A Fairness Analysis on Private Aggregation of Teacher Ensembles
Cuong Tran, My H. Dinh, Kyle Beiter, Ferdinando Fioretto

TL;DR
This paper investigates whether the PATE framework for private machine learning introduces bias or unfairness, analyzing causes and proposing mitigation strategies to ensure equitable outcomes across groups.
Contribution
It provides the first comprehensive analysis of bias in PATE, identifying key factors and offering guidelines to reduce fairness disparities in private ensemble learning.
Findings
PATE can cause accuracy disparities among different groups.
Certain algorithmic and data properties influence bias in PATE.

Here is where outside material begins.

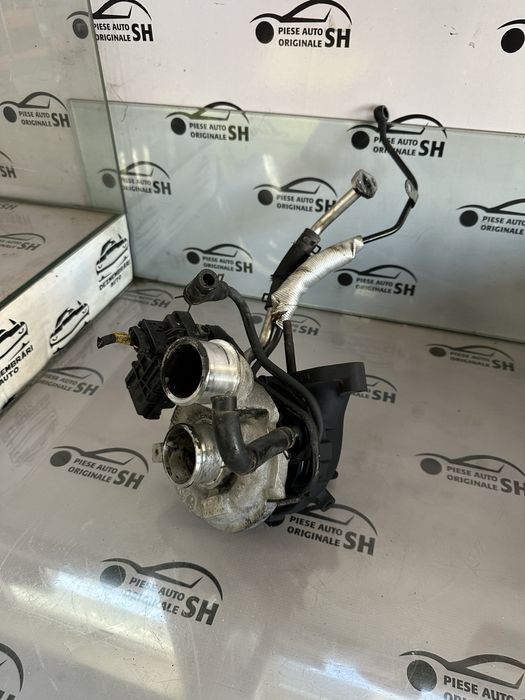 Turbosuflanta Hyundai Santa Fe 2,2 CRDI Euro 5 D4HB 2012 197CP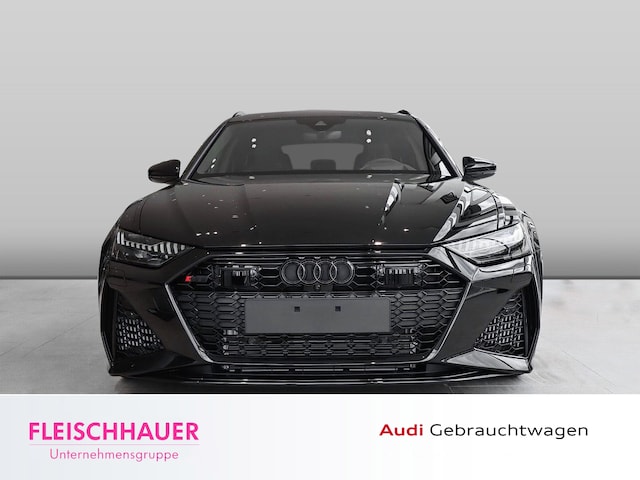 Image about Audi RS 6 Avant performance quattro tiptronic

Mitigation guidelines can reduce unfairness in private ensemble models.
Abstract
The Private Aggregation of Teacher Ensembles (PATE) is an important private machine learning framework. It combines multiple learning models used as teachers for a student model that learns to predict an output chosen by noisy voting among the teachers. The resulting model satisfies differential privacy and has been shown effective in learning high-quality private models in semisupervised settings or when one wishes to protect the data labels. This paper asks whether this privacy-preserving framework introduces or exacerbates bias and unfairness and shows that PATE can introduce accuracy disparity among individuals and groups of individuals. The paper analyzes which algorithmic and data properties are responsible for the disproportionate impacts, why these aspects are affecting different groups disproportionately, and proposes guidelines to mitigate these effects. The proposed…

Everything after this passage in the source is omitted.